那覇世の15 - 16世紀頃、奄美群島北部にも中山王府による征服と支配体制の普請があり、それに伴い御嶽信仰やノロ制度も入ったと見られる。また琉球王国支配下の沖縄諸島、先島諸島ほどに統制は厳しくなく、ユタなどの影響も近世まで色濃く残っていた。
薩摩藩の琉球侵攻により奄美群島の実効支配を喪失(「大和世」)すると、大和の神仏習合的宗教が本格的に流入した。薩摩はキリスト教と浄土真宗(一向宗)以外は弾圧しなかったため[注釈 4]、奄美在地の宗教は神仏習合と、従前のノロ、ユタ信仰が混淆したものとなっていた。
葬制は琉球と同様に洞窟での風葬が主体であった。亀甲墓はわずかに見られる。大和世以降は土葬が中心となった一方、遺骸を掘り起こして洗骨し改葬すると言う琉球・沖縄的な慣習も昭和まで残っていた。
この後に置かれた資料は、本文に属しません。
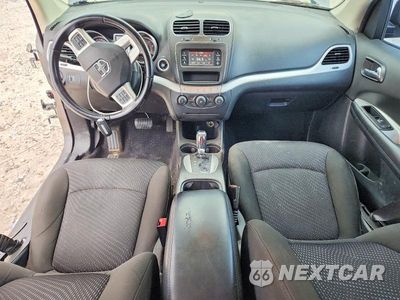 Zdjęcie 8 z 14 samochodu: 2020 DODGE JOURNEY SE VIN:3C4PDCABXLT220497 - miniatura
本土では既に稀な土葬も奄美地方では20世紀末まで残った[36]。
現在でもノロが祭祀を取り仕切る地域がいくつかみられるが、全体的にノロとその祭祀は廃れつつある。
伊波普猷は、明治37年(1904年)に発表し昭和17年(1942年)に改稿した「琉球の神話」の中で、『中山世鑑』の起源神話と『古事記』の淤能碁呂島神話、『宮古島旧記』の神婚説話と三輪山神話などの類似を指摘し、琉球群島にはこれら以外にも色々な神話伝説があり神話の宝庫であることから、広義の琉球群島[注釈 5]には未だ世に知られていない無数の神話伝説があり、これらの神話伝説を悉く集めて日本本土の神話伝説と比較研究を始め、更に進んで朝鮮、満州、蒙古と比較研究をすることは、ただ神話学者にとって必要なだけでなく、人種学者にとっても必要なことであると説き、ポリネシア群島の人種移動の問題はこのような研究によって解決されたのだと指摘した[37]。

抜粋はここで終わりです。